Se impostos não são pagos, é porque não foram cobrados, ou pior, porque são injustos. Só se pode tributar se houver riqueza. E havendo riqueza no trabalho, quando existir crime, somente dos indivíduos deve-se cobrar, respeitando-se a empresa e empregados envolvidos. O trabalho e a empresa são patrimônios da sociedade. Resultam dos esforços de dezenas, centenas e até milhares de pessoas, geralmente coordenadas por um “líder-empreendedor”.
Em
contra partida, no caso do Mensalão, os Deputados e Senadores acusados de
receberem propina para votarem a favor de um Governo onde os dirigentes não
aparecem em camburões algemados em fotos de jornais, são ouvidos em total
sigilo e em confortáveis gabinetes fechados. Ao mesmo tempo, os Ministros que
também são acusados deixam seus cargos do executivo, para voltarem a ser
deputados e senadores, assim passando a gozar de imunidade parlamentar, que
impossibilita o ajuizamento de processo criminal.
Enquanto
o povo Brasileiro continuar a permitir que os políticos e representantes de
atividades não produtivas sejam privilegiados,
a custo do sofrimento e exposição daqueles que realmente geram emprego e
financiam todo o Estado – empresários – o pais irá de mal a pior.

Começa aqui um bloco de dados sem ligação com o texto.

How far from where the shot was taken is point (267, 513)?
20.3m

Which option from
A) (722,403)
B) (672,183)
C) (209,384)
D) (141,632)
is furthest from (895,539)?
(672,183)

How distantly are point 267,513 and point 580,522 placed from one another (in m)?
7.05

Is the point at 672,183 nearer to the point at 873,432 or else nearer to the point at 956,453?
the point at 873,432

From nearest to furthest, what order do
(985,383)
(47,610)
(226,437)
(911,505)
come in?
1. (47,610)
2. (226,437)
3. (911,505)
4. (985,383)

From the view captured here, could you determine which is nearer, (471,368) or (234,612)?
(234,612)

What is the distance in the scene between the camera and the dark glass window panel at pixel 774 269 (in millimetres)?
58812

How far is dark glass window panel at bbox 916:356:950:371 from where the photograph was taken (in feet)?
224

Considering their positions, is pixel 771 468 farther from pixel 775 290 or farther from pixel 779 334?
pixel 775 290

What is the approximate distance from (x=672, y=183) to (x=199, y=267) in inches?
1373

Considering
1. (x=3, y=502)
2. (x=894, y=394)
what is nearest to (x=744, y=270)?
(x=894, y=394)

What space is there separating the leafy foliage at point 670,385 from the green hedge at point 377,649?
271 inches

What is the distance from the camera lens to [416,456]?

Esta na hora do povo saber que não é protegendo-se corruptos em audiências secretas realizadas nos escuros gabinetes do congresso, nem é se tributando o trabalho com 42% de impostos, como também não é humilhando-se com algemas e holofotes os empresários que realmente geram empregos em nosso pais, que voltaremos a crescer, gerando riqueza suficiente para que nossa juventude e famílias tenham empregos, segurança e dignidade.

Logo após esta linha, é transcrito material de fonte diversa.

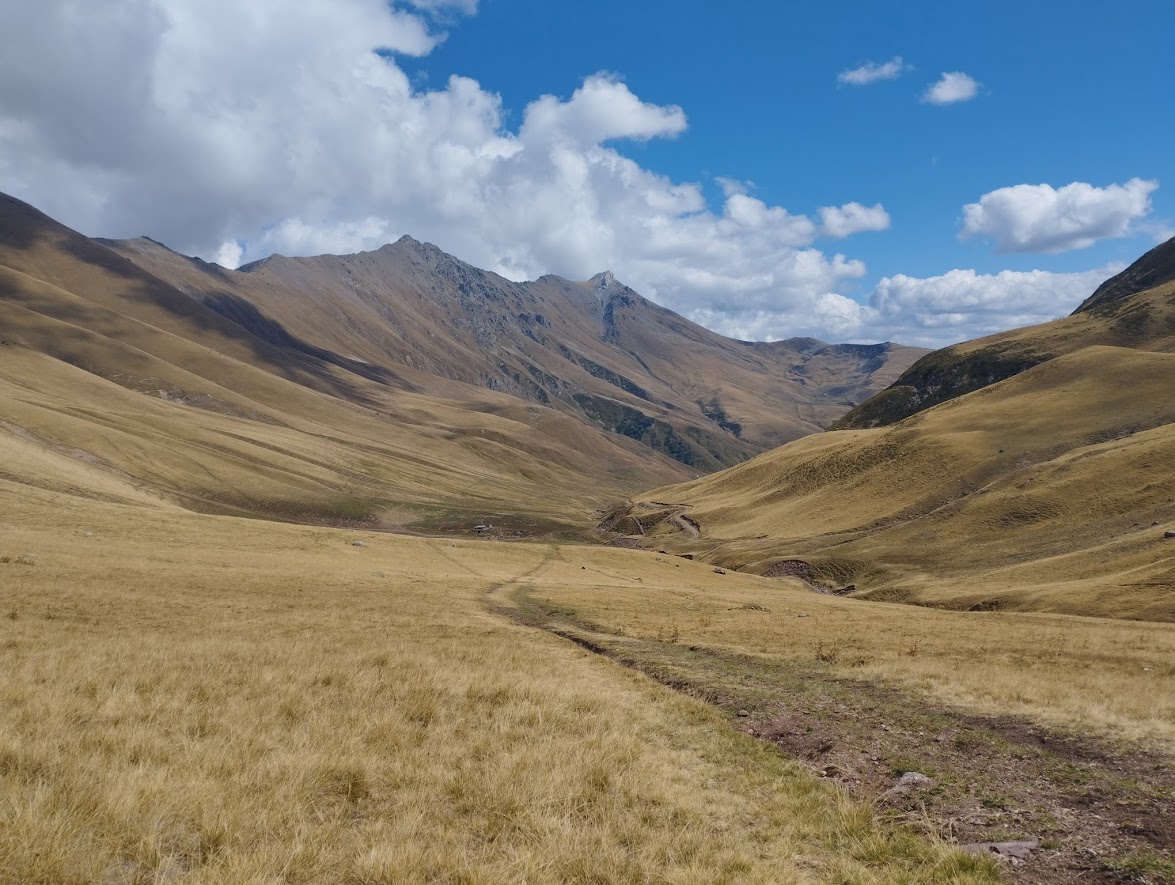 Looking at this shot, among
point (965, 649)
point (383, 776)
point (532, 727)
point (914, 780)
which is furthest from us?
point (965, 649)

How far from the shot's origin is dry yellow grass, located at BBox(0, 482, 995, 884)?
21.4 ft

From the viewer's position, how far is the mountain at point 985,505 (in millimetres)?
68438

Crimes coletivos somente acontecem em rebeliões, em guerras e até mesmo em congressos, mas nunca em empresas. A regra é o indivíduo, nunca toda a instituição. Por esta razão a necessidade de condenar-se à publicação de operações teatrais. Todos devem ser julgados com isenção, preferencialmente, fora de gabinetes fechados e longe de votos secretos.
Esta,
pois, é a inversão de valores que explica tudo!